Sen. Tina Maharath, D-Canal Winchester, offered tempered support for the measure. She echoed Gavarone’s arguments for the underlying confidentiality provisions and argued it’s “only fair” to give candidates flexibility amid uncertainty about the maps.
“However, I am a bit concerned that this bill does not address the constitutional requirements that a candidate be allowed 30 days before the filing deadline to move in a district,” Maharath said. “Since the district maps were released less than 30 days before the filing deadline which still remains next week, it’s impossible to comply with the rules as it stands currently.”
She said that puts potential candidates at a disadvantage, but given the circumstances lawmakers needed to intervene.
The underlying House measure passed unanimously last February, and after the Senate vote, the House quickly approved the amended measure.
In addition to the bill passed today, two Democrats are trying to get not just the filing deadline but the election date itself moved.

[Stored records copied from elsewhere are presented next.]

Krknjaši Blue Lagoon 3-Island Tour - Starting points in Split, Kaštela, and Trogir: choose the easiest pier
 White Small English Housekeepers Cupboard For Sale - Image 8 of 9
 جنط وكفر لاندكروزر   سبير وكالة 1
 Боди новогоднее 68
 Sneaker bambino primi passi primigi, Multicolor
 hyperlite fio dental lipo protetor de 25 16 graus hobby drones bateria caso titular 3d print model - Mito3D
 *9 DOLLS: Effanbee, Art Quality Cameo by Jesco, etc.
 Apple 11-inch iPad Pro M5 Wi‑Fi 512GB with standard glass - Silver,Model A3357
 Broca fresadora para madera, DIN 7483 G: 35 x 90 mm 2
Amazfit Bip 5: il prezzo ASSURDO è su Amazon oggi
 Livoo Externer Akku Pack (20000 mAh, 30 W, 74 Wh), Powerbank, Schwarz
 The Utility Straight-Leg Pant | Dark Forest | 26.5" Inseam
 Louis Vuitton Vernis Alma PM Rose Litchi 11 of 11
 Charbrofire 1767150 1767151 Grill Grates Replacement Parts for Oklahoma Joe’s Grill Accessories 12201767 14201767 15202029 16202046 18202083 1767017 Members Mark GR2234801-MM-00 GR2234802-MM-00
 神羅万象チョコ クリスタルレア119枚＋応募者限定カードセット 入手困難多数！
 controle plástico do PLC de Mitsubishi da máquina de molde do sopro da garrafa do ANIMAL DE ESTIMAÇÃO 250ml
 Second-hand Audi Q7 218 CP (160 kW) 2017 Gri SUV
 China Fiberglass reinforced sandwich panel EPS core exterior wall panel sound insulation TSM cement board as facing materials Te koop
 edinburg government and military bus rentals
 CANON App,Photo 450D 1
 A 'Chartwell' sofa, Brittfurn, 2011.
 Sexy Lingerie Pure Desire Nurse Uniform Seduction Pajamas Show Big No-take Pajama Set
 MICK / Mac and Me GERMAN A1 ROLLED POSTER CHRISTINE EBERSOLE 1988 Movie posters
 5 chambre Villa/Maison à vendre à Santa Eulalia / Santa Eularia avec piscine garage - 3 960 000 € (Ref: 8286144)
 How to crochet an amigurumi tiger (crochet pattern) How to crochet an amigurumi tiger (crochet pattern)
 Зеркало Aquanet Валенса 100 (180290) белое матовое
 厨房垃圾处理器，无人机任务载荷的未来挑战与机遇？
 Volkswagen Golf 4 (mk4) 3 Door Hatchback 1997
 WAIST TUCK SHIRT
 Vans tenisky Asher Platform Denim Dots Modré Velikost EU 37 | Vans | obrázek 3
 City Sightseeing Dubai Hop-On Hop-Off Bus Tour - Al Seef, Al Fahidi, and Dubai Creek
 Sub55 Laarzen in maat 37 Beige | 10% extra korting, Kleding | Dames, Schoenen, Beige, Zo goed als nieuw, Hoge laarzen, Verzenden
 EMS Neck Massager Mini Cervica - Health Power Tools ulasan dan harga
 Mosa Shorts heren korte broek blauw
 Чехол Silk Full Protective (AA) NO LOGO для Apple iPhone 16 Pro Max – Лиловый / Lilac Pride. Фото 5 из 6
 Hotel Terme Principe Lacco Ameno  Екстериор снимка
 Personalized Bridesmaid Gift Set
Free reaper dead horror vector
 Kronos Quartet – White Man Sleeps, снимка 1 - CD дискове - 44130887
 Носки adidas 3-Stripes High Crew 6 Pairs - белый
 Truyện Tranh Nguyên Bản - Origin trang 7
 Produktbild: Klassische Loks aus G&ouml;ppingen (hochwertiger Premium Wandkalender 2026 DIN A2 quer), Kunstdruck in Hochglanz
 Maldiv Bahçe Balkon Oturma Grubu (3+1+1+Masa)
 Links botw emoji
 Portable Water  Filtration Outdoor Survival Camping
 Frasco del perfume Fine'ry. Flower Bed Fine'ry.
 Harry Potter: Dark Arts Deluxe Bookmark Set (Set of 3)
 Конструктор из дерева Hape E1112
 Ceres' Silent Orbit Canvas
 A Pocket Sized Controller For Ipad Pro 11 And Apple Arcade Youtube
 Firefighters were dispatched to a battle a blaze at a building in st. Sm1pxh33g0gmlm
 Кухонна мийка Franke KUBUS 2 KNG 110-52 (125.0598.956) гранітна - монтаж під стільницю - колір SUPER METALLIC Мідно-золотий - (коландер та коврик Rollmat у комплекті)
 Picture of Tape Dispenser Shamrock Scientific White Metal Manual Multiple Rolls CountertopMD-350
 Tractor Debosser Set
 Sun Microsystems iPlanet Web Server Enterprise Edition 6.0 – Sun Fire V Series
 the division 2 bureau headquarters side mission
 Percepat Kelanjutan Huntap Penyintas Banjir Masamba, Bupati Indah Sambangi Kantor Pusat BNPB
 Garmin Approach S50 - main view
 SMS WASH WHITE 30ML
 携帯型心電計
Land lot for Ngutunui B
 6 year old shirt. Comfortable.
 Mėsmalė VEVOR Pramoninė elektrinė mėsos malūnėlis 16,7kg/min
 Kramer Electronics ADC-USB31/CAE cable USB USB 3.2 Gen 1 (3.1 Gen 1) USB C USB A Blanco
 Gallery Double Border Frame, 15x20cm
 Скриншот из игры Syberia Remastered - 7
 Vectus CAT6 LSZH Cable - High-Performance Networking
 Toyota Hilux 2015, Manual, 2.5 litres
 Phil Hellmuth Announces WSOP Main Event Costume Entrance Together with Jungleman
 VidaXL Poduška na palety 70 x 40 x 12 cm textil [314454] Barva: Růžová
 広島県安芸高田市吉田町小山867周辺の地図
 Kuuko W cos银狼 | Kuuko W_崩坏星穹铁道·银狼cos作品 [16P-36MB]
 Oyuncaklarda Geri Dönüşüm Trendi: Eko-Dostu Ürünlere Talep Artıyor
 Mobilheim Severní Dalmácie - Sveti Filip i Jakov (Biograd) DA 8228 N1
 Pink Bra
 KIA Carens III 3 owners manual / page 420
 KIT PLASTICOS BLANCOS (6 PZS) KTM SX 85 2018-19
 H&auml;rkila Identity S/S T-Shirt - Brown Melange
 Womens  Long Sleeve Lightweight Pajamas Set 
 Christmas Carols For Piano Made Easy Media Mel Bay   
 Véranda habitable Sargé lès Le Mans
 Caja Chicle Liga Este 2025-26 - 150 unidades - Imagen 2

House Bill 544 would move the primary election to the beginning of June, which would push back the filing deadline to the original date of the primary, May 4.
Assistant House Minority Leader Thomas West and state Rep. Lisa Sobecki, D-Toledo, recently introduced the bill in an attempt to allow Ohioans to research their districts as they potentially change, and change again.
The bill, much like the Senate bill that passed on Wednesday, is in response to redistricting efforts still ongoing in the Ohio Supreme Court and in the legislature.
“We don’t even know what the courts going to do, how long it’s going to take,” West told the OCJ.
The state’s highest court rejected both the legislative maps approved by the Ohio Redistricting Commission in September, and the congressional maps approved by the legislature in November. The ORC had 10 days to redraw maps, which were approved last Saturday, but have been objected to by all three groups who originally challenged the maps.
West said he’s talked to Secretary of State Frank LaRose about moving the elections, and while LaRose “didn’t give (West) a yes or no,” West said moving the days would give them time to complete administrative and logistic tasks needed to hold the election.
LaRose’s office declined to comment on the bill, but LaRose himself told the Ohio Redistricting Commission that he’d asked for the authority granted in the Senate bill to have flexibility to complete election tasks as the court decides on legislative and congressional district maps.
Sobecki said she’d spoken to local boards of election employees in the state who supported the change and give them the time they needed.
“Then they would know what the maps would be and they’d be able to certify petitions, and they would be able to answer questions,” Sobecki said.
Both West and Sobecki agree that the problems with the election could have been solved had the the Republican majority worked to get to bipartisan agreement on maps and constitutional agreement in district lines.
“We’re fixing something that (the GOP) would have already fixed if they had passed fair maps,” West said.
Neither of the state representatives have received any information on starting the congressional map-making process again, they said.
The legislature has less than a month to redraw congressional districts. If they can’t come to an agreement within that time, the Ohio Supreme Court said the process goes back to the Ohio Redistricting Commission, who will then have another 30 days to approve maps and send them back for court review.